Information given Start Marker

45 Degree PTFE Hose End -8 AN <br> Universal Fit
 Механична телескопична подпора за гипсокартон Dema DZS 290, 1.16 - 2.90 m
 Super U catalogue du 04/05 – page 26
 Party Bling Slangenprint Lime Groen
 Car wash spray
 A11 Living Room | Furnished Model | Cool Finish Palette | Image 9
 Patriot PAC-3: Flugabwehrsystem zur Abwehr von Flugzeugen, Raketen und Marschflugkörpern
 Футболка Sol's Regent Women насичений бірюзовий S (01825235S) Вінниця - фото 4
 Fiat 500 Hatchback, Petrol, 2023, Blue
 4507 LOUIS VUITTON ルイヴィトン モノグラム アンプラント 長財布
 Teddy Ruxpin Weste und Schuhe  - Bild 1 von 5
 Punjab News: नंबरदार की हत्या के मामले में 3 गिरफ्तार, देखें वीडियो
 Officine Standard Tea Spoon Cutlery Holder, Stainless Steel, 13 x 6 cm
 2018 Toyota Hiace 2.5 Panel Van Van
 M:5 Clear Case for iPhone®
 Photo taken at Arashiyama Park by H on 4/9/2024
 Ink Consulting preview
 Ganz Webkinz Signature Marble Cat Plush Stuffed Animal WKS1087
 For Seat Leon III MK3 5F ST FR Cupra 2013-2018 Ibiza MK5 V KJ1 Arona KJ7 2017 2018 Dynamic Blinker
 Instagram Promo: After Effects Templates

Information given End Marker

**What to produce:**
Exactly and only the lines from the one containing "2018 Toyota Hiace 2.5 Panel Van Van" to the end of the entries above are to be written out.

**Reply:**
 2018 Toyota Hiace 2.5 Panel Van Van
 M:5 Clear Case for iPhone®
 Photo taken at Arashiyama Park by H on 4/9/2024
 Ink Consulting preview
 Ganz Webkinz Signature Marble Cat Plush Stuffed Animal WKS1087
 For Seat Leon III MK3 5F ST FR Cupra 2013-2018 Ibiza MK5 V KJ1 Arona KJ7 2017 2018 Dynamic Blinker
 Instagram Promo: After Effects Templates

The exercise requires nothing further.